Exercise directions
Can you print the data exactly and leave out each image?

[Short text fragments from websites]
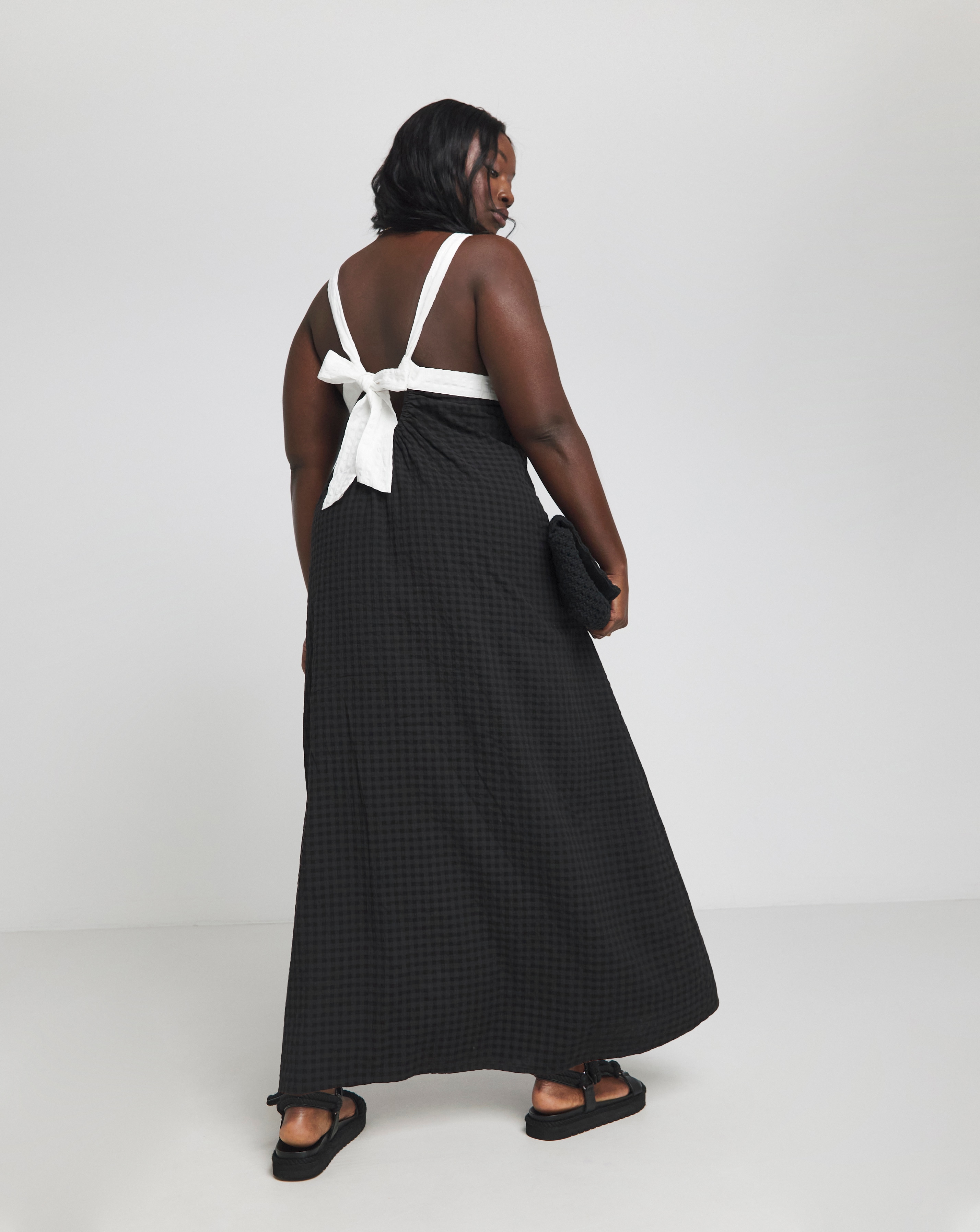 Plus size trapeze maxi dress online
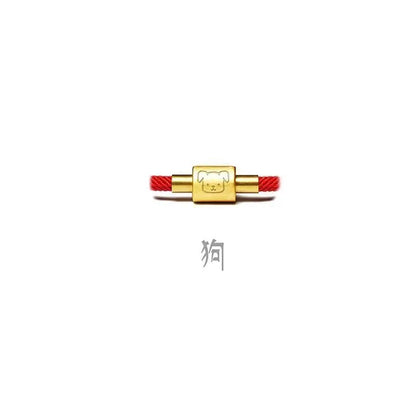 Zodiac red string bracelet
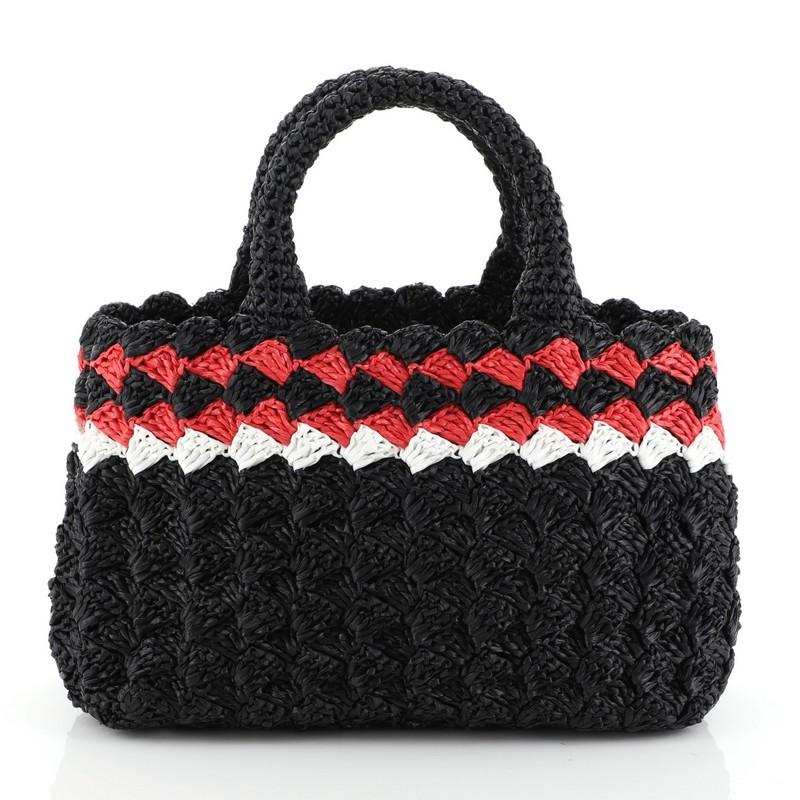 prada black raffia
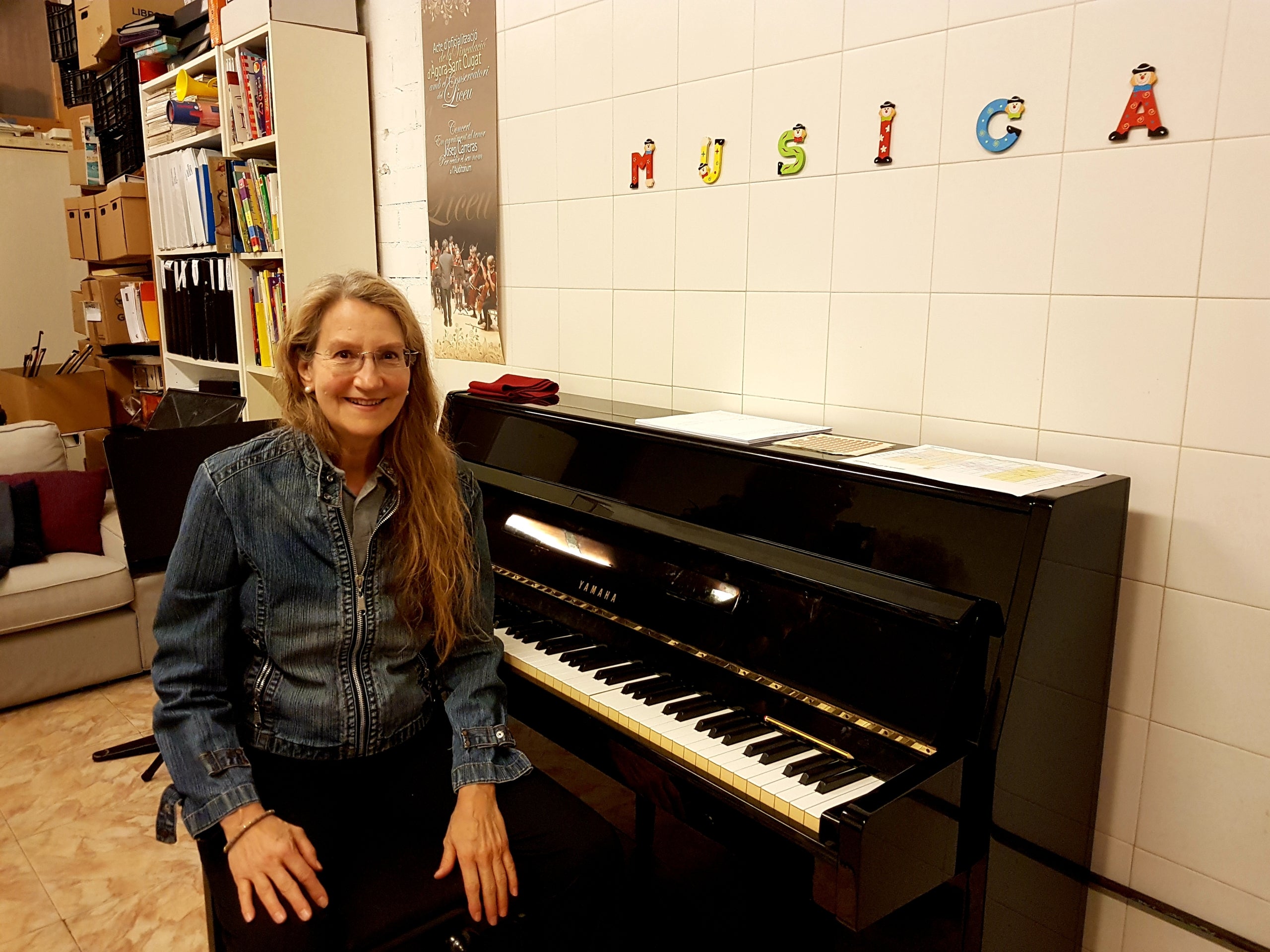 Lídia Muniesa és l'artífex del projecte Música als Barris, amb un esplai musical únic a Ca n'Anglada | Lluïsa Tarrida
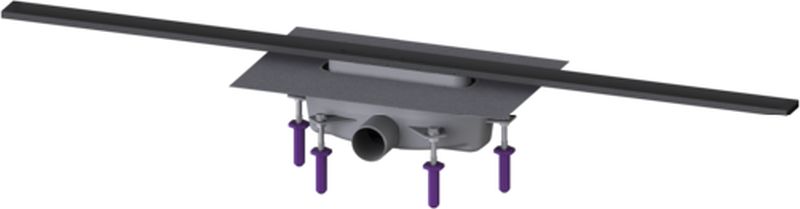 Kessel Linearis Infinity scarico per doccia 110 cm nero 45202.11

Written reply
 Plus size trapeze maxi dress online
 Zodiac red string bracelet
 prada black raffia
 Lídia Muniesa és l'artífex del projecte Música als Barris, amb un esplai musical únic a Ca n'Anglada | Lluïsa Tarrida
 Kessel Linearis Infinity scarico per doccia 110 cm nero 45202.11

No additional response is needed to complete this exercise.